Auf die Gemeindefinanzen kommen ungemütliche Zeiten zu

Die Gemeinde ist die Staatsebene, wo der Bürger am direktesten Einfluss auf die Finanzen nehmen kann. Mit den steigenden Zinsen wird das ­Schuldenmanagement wieder wichtiger.

Die Gemeinde ist jene Staatsebene, die dem Schweizer Bürger am nächsten ist und bei der er Einnahmen und Ausgaben am besten nachvollziehen kann. Entsprechend sollten die Finanzierungsfragen, die sich in jeder der 2136 Gemeinden stellen, Einwohne­rinnen und Einwohner besonders interessieren. Zudem entfallen auf diese Körperschaften gemäss Finanzstatistik immerhin 21 Prozent der öffentlichen Schulden; auch wenn das weniger ist als der Anteil der Kantone und des Bundes, handelt es sich doch nicht um eine Quantité né­gligeable. Und dass Gemeinden geräuschlos zu Geld kommen, ist zwar die Regel, aber auch nicht selbstverständlich, wie vor einem Vierteljahrhundert der Fall Leukerbad gezeigt hat. Die Walliser Gemeinde hatte sich damals mit grossen Investitionen insbesondere in die touristische ­Infrastruktur finanziell übernommen, konnte ihren Schuldenberg nicht mehr bedienen und wurde in der Folge vom Kanton mehrere Jahre unter Zwangsverwaltung (Beiratschaft) gestellt.
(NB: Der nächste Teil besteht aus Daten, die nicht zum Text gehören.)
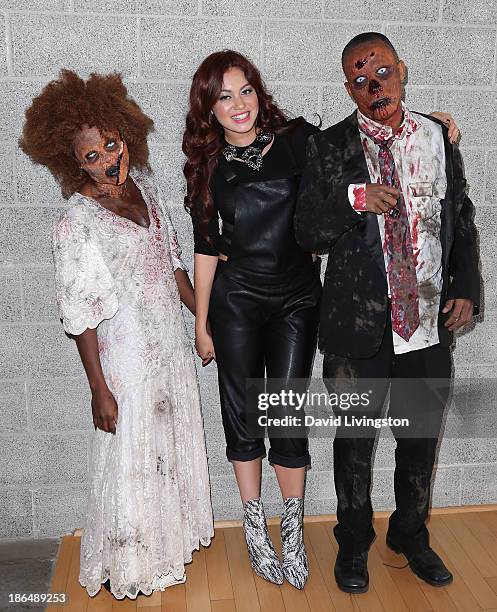 Singer Guinevere poses with two "zombies" at her live performance and meet & greet at VEVO headquarters on October 31, 2013 in Los Angeles,...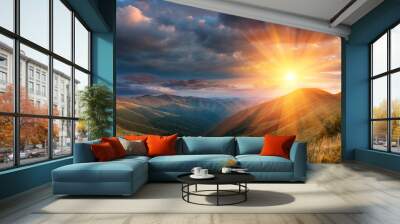 Panoramic landscape of fantastic sunset in the mountains. View of the autumn hills lit by the rays of the evening sun. Dramatic clouds over sky. Wall mural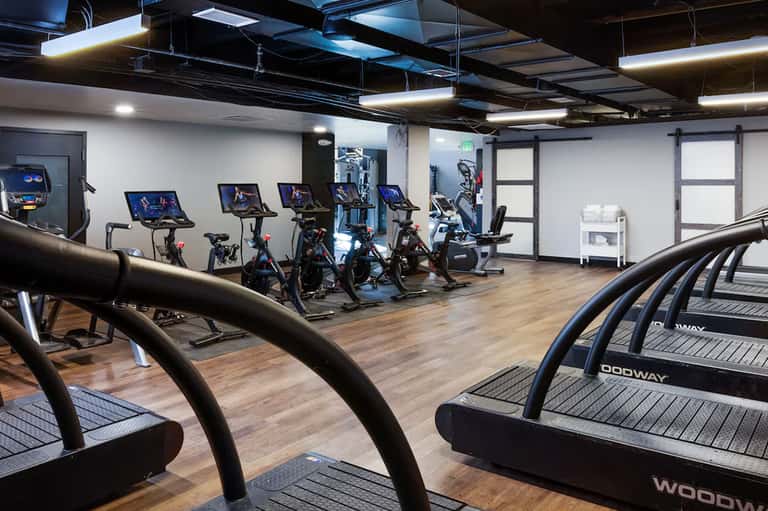 Modern fitness center with treadmills, stationary bikes, and workout equipment on wooden floors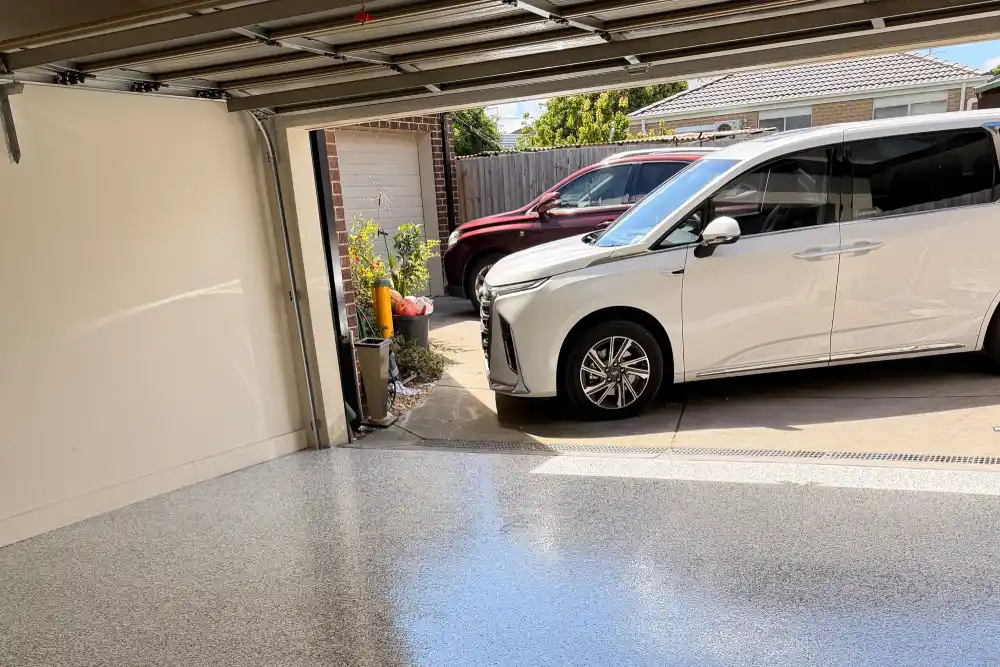 Residential epoxy flooring installation by Greenx Painting in Melbourne.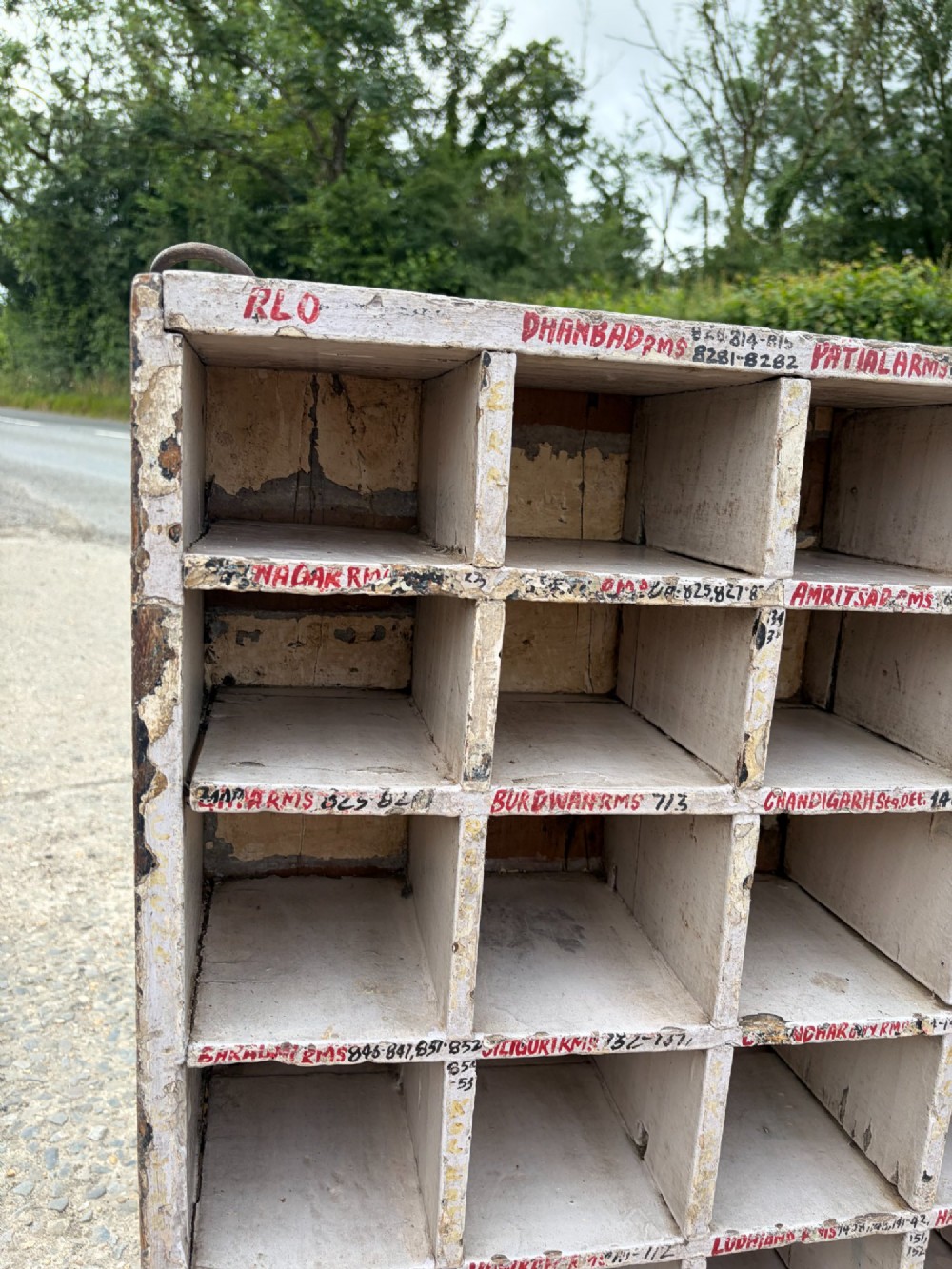 An early twentieth-century painted pine pigeon hole storage unit with a rectangular grid layout and red painted slot labels. View VIII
Eine Gemeinde ist dann finanziell gesund, wenn sie mittelfristig eine ausgeglichene Erfolgsrechnung hat, genügend Cashflow für die Finanzierung der Investitionen erzielt und sich pro Kopf der Bevölkerung nur massvoll verschulden muss. Ein gesunder Finanzhaushalt und ein möglichst tiefer Steuerfuss sind zentrale Elemente der ­Finanzstrategie von Gemeinden. Die nach einer langen Tiefzinsperiode steigenden Zinsen stellen nun auch die Gemeinden vor neue Herausforderungen.
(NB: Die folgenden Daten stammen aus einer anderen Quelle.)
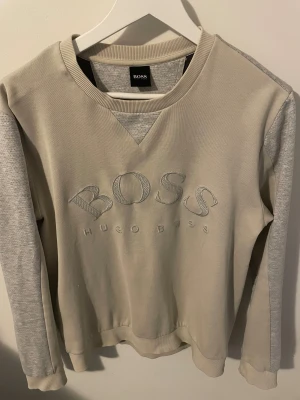 Hugo Boss tröja - Snygg beige och grå sweatshirt från Hugo Boss med broderad logga på bröstet. Tröjan har ribbad rund hals, muddar och långärmade gråmelerade ärmar. Perfekt för chill dagar och enkel att matcha med jeans eller joggers.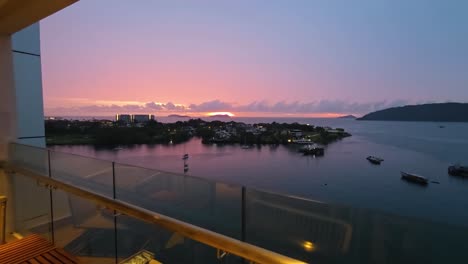 aerial-style view from marriott hotel balcony in kota kinabalu, malaysia, capturing a vivid sunset over calm sea with boats near sutera harbor in a peaceful tropical coastal setting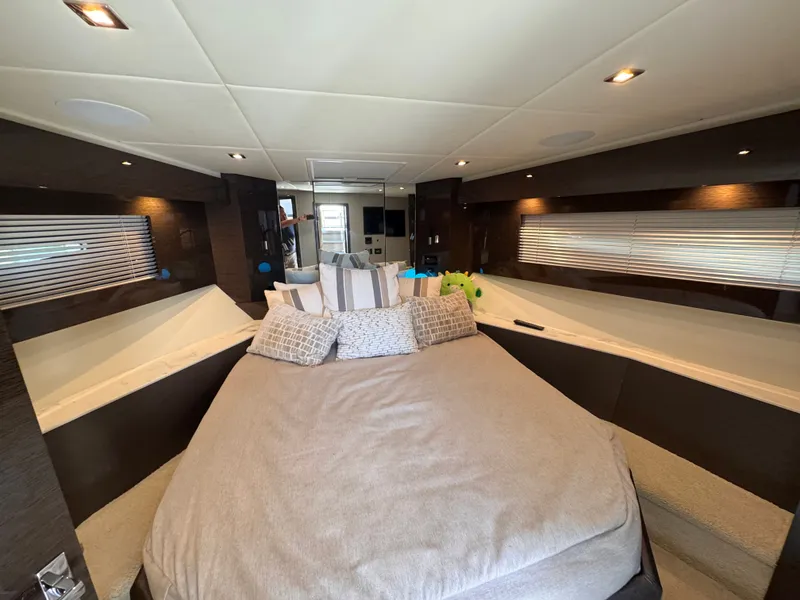 Slide: The Image of The image shows a luxurious cabin with a large bed, surrounded by elegant wood accents and modern lighting. - 29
Mehr Schulden kosten weniger

In den letzten Jahren haben die Gemeinden von der Entwicklung der Zinsen profitiert. Von 2008 bis 2020 sind zwar die Finanzverbindlichkeiten aller Gemeinden um 26 Prozent auf 45 Milliarden Franken gestiegen, der Zinsaufwand ist hingegen um 59 Prozent auf 0,5 Milliarden Franken gesunken. Dies hat dazu geführt, dass der durchschnittliche Zinsaufwand der Gemeinden im Verhältnis zu den Finanzverbindlichkeiten von 3,7 auf 1,1 Prozent und im Verhältnis zum Personal- und Sachaufwand von 6,1 auf 1,9 Prozent gesunken ist. Die Zinsentwicklung hat somit die Schweizer Gemeinden finanziell entlastet. Das relativiert auch die Folgen des jüngsten Zinsanstiegs.
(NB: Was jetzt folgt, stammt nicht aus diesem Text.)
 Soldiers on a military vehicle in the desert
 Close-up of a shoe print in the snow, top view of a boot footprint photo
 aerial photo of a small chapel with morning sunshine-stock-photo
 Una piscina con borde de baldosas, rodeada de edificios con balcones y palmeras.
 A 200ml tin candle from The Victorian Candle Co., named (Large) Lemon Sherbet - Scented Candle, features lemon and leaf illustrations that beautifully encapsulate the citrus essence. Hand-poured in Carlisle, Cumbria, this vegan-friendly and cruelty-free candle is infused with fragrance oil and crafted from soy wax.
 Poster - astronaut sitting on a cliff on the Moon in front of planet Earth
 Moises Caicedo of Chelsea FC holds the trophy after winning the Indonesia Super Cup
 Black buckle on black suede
Wie Studien der Hochschule Luzern für die Jahre 2003 bis 2019 zeigen, finanzieren sich (zumindest die untersuchten mittelgrossen) Gemeinden vorwiegend durch festverzinsliche Darlehen, die durchschnittlich eine Laufzeit von etwas mehr als acht Jahren haben. Rund 50 bis 60 Prozent der Darlehen werden von Banken gewährt, wobei die PostFinance mit 20 bis 25 Prozent vor den Kantonalbanken mit 15 bis 20 Prozent den grössten Markt­anteil hat. Die weiteren 40 bis 50 Prozent des Kreditvolumens werden durch institutionelle Anleger finanziert, die Gemeindekredite als solide Anlageklasse nutzen. In der Gemeindefinanzierung engagieren sich zum Beispiel die Suva, grössere Pensionskassen, der AHV-Ausgleichsfonds, Versicherungen und grössere Privatinvestoren. Das Spektrum der Anbieter hat sich in den letzten Jahren relativ stark gewandelt, so haben sich etwa die Grossbanken, gewisse Auslandbanken oder die Swiss Life aus dem Markt zurückgezogen, dafür hat das Treasury der Post­Finance vermehrt Mittel in Gemeindedarlehen angelegt. Die aktuell steigenden Zinsen könnten bei einzelnen in­stitutionellen Investoren möglicherweise wiederum eine Neubeurteilung dieser Anlageklasse zur Folge haben, d.h. sie zum (Wieder-)Einstieg oder Rückzug aus dem Geschäft bewegen.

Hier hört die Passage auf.